To assure the model extends well to new data, we must creat a train test split.
To assure the same train and test split will occure for different users, random_state is set with a fixed number.



In [None]:
X_train, X_test, y_train, y_test = train_test_split(X, y, test_size = 0.3, random_state = 42)
lm_model = LinearRegression(normalize = True)
lm_model.fit(X_train, y_train)
y_test_predict = lm_model.predict(X_test)
y_train_predict = lm_model.predict(X_train)
test_score = r2_score(y_test, y_test_predict)
train_score = r2_score(y_train, y_train_predict)

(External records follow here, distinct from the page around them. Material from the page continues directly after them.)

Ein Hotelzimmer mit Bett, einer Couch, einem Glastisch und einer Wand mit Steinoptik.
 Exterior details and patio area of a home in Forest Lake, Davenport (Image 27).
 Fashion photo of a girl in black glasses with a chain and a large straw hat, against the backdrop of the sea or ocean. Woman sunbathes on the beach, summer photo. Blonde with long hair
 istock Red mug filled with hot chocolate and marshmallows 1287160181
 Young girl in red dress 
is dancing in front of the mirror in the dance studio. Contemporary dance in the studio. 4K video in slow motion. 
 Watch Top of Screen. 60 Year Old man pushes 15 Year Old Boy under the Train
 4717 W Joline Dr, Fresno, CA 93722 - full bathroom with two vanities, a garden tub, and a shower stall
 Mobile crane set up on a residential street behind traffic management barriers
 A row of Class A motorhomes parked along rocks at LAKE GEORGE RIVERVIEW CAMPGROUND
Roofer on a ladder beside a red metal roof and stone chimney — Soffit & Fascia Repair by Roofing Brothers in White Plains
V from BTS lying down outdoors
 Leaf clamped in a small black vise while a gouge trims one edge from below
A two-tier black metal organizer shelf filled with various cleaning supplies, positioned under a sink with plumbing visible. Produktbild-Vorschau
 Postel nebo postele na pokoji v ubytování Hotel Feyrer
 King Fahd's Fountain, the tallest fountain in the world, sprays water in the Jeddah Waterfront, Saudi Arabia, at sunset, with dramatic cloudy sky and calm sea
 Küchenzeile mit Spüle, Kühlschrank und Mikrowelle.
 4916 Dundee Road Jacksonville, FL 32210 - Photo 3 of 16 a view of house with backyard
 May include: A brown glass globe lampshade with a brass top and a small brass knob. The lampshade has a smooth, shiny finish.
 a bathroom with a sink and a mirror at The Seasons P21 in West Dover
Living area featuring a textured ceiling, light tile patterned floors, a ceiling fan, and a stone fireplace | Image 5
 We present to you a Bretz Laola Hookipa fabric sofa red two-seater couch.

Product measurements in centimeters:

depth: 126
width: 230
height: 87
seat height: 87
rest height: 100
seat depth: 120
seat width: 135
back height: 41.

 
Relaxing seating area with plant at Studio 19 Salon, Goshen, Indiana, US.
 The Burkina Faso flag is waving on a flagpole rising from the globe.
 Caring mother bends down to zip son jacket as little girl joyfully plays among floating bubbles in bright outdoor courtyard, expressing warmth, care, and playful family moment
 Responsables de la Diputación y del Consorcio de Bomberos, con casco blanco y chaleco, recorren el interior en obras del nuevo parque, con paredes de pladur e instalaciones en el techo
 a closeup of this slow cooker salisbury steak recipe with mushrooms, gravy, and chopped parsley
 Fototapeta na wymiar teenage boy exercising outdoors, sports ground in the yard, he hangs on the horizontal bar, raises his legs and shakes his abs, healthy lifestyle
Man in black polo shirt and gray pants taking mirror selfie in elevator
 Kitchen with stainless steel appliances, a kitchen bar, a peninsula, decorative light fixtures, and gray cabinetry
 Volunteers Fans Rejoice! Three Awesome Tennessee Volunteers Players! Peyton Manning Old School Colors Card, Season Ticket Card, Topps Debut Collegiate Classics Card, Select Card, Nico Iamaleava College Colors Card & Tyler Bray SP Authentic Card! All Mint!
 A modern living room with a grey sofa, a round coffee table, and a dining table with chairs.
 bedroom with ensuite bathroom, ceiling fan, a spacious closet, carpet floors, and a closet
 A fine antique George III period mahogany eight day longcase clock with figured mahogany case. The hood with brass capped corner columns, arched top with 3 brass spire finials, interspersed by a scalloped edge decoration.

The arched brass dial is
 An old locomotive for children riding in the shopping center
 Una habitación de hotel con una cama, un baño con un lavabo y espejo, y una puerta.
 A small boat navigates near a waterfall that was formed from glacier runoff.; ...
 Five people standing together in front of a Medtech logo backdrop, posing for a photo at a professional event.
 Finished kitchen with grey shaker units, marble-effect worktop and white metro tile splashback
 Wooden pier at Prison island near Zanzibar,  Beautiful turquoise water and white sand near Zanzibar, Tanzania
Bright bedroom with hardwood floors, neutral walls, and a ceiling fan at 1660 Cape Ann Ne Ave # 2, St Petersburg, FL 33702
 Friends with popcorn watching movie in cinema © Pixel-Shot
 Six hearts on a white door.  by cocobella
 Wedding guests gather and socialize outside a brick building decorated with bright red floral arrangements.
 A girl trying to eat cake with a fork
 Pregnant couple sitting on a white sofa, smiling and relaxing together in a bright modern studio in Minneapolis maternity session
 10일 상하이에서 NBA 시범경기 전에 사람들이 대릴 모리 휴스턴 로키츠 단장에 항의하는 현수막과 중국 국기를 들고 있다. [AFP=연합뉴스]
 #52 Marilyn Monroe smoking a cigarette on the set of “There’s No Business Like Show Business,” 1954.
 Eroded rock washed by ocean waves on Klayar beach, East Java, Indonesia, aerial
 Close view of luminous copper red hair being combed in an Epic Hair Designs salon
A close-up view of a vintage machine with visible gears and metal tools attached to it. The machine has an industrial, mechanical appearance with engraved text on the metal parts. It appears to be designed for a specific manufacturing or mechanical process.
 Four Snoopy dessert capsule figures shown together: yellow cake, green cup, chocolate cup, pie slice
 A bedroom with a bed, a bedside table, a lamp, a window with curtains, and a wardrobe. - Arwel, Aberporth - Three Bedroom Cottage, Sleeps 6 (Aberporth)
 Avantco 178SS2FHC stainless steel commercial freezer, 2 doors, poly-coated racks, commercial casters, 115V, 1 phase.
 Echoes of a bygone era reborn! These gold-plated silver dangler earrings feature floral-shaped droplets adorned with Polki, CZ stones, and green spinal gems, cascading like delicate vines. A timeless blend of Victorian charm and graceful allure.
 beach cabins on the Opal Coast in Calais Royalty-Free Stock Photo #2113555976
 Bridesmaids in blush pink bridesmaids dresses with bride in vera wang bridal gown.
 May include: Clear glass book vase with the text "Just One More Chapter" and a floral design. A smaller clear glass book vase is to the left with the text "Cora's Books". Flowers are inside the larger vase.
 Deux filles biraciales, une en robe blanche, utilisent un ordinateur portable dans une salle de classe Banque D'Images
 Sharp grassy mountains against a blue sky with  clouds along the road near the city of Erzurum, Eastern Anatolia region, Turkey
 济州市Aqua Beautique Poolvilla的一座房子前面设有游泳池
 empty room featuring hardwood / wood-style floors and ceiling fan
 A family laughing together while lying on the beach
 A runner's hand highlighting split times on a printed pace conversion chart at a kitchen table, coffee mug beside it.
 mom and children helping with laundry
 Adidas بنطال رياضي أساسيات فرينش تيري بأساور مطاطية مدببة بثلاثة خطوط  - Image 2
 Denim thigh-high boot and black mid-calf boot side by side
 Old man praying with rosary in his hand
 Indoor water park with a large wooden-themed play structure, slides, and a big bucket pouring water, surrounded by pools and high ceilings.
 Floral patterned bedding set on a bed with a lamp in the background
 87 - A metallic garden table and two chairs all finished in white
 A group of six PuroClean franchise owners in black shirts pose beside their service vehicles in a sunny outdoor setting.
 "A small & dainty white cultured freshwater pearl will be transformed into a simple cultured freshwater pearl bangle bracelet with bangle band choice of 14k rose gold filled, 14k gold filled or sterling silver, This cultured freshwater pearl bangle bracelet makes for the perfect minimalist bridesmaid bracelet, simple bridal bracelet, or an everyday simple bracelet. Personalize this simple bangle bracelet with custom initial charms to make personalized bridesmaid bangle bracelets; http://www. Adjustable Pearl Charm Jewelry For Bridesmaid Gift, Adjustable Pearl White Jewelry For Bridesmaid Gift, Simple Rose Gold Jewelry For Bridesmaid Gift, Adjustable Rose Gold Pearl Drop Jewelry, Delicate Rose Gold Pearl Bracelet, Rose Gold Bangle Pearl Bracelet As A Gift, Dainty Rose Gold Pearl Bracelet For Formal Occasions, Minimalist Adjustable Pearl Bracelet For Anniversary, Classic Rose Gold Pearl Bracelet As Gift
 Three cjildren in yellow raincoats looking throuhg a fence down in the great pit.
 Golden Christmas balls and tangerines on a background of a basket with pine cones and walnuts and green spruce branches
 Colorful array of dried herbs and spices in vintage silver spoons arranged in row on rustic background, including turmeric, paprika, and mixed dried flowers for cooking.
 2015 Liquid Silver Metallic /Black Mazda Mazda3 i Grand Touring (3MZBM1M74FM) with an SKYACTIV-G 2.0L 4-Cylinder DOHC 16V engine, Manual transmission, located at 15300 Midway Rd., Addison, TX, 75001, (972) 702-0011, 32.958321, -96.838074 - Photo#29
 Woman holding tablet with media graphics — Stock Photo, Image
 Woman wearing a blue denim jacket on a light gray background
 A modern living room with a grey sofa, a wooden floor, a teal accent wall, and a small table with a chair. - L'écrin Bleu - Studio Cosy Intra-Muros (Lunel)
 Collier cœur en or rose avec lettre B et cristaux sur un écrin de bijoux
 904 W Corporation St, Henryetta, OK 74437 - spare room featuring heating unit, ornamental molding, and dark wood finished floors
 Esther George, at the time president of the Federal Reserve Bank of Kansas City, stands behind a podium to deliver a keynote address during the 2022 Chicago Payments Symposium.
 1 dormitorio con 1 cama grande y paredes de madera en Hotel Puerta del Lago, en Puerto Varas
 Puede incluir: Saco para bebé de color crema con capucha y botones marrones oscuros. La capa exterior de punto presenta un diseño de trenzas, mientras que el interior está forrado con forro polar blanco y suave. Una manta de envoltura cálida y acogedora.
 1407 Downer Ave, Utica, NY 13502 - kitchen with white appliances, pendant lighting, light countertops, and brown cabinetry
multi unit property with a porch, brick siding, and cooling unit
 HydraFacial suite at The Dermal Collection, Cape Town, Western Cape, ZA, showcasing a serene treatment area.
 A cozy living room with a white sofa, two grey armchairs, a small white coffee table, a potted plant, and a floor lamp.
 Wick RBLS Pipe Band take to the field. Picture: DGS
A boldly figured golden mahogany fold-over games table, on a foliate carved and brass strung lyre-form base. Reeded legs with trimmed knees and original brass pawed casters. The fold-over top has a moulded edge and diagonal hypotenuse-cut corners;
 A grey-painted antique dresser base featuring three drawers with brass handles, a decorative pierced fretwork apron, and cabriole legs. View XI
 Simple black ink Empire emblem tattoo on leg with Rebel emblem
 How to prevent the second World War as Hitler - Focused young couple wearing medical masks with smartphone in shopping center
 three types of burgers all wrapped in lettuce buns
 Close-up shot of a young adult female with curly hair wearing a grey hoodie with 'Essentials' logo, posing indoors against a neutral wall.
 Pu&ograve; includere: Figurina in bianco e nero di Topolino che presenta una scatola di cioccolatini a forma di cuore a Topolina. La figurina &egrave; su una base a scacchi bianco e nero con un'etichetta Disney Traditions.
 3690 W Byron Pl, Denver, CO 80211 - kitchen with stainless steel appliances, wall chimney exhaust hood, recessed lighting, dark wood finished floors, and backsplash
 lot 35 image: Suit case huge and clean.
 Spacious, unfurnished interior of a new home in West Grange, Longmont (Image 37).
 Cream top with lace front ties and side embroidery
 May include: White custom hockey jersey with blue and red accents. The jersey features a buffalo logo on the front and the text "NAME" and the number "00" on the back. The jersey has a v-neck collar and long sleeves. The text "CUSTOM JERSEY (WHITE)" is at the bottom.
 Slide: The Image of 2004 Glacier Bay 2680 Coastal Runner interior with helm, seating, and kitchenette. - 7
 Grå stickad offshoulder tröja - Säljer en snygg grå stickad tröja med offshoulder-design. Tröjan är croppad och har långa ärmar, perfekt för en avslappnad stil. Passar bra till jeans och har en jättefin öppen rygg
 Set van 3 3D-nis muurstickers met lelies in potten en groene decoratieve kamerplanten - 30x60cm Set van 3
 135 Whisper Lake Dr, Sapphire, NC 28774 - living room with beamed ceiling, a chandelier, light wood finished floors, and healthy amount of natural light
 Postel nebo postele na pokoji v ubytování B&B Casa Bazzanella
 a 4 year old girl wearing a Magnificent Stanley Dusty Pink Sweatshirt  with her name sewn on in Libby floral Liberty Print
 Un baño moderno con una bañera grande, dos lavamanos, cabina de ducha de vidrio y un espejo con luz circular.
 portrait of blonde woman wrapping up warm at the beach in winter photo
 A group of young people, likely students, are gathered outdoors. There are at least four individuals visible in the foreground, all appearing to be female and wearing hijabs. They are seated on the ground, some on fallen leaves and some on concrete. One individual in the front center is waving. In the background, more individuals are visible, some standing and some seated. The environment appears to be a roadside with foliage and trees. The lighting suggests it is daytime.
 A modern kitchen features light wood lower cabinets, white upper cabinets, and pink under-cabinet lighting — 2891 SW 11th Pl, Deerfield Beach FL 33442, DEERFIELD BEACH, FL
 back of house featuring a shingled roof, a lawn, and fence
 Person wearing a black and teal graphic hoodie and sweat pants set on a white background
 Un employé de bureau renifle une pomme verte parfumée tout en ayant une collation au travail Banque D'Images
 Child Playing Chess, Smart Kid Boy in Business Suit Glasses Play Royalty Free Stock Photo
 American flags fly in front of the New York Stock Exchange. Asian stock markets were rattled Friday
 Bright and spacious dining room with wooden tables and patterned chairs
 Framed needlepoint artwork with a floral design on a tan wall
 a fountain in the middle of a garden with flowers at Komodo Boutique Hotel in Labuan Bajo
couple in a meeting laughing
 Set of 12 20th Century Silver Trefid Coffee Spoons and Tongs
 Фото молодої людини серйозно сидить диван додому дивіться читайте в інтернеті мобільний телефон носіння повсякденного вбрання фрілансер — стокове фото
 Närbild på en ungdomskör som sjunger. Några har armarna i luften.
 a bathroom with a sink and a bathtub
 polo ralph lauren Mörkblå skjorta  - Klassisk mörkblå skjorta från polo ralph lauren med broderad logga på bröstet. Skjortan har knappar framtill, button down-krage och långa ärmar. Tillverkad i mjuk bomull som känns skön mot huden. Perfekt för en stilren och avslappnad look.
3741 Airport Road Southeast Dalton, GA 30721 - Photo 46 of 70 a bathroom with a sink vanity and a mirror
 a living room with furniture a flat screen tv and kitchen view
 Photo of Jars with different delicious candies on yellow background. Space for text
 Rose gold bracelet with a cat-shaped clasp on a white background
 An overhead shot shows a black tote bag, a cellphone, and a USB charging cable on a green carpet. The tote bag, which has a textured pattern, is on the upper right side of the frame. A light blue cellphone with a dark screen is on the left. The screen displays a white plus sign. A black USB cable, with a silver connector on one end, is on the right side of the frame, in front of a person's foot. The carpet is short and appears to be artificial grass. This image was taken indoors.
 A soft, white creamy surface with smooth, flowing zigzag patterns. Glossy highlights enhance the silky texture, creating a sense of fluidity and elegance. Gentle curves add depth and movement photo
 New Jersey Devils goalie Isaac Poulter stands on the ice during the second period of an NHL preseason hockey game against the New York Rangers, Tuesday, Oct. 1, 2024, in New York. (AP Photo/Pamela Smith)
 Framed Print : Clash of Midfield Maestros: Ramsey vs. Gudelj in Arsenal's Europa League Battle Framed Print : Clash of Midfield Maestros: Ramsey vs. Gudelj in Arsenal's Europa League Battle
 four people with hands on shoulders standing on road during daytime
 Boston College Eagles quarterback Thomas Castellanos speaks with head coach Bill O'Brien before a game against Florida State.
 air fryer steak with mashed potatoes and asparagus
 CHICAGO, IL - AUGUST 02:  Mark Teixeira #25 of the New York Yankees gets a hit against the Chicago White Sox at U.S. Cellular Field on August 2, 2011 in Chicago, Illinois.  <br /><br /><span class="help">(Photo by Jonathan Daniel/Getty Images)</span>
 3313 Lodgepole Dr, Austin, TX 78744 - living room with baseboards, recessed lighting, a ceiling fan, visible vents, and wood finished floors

print('test_score: ',test_score)
print('train_score: ', train_score)
if abs(test_score/train_score) > 0.8:
    print('The model is not overfitted.')
else:
    print('Need to improve the model.')
print('The r-squared score for the model is {} on {} values.'.format(test_score, len(y_test)),'\n')


coef_df = pd.DataFrame()
coef_df['feature'] = X_train.columns
coef_df['coef'] = lm_model.coef_
coef_df['abs_coef'] = np.abs(lm_model.coef_)
coef_df.sort_values(by=['abs_coef'], ascending=False)
print('Top 20 featutes which have the most impact on price: \n', coef_df, '\n')


# Summary
The business goes well in the Summer in general. Top 5 areas which have the highest number of Airbnb properties in Seattle are: 98122, 98103, 98102, 98105, 98109. Among the chosen features, accommodates has the most impact on the price.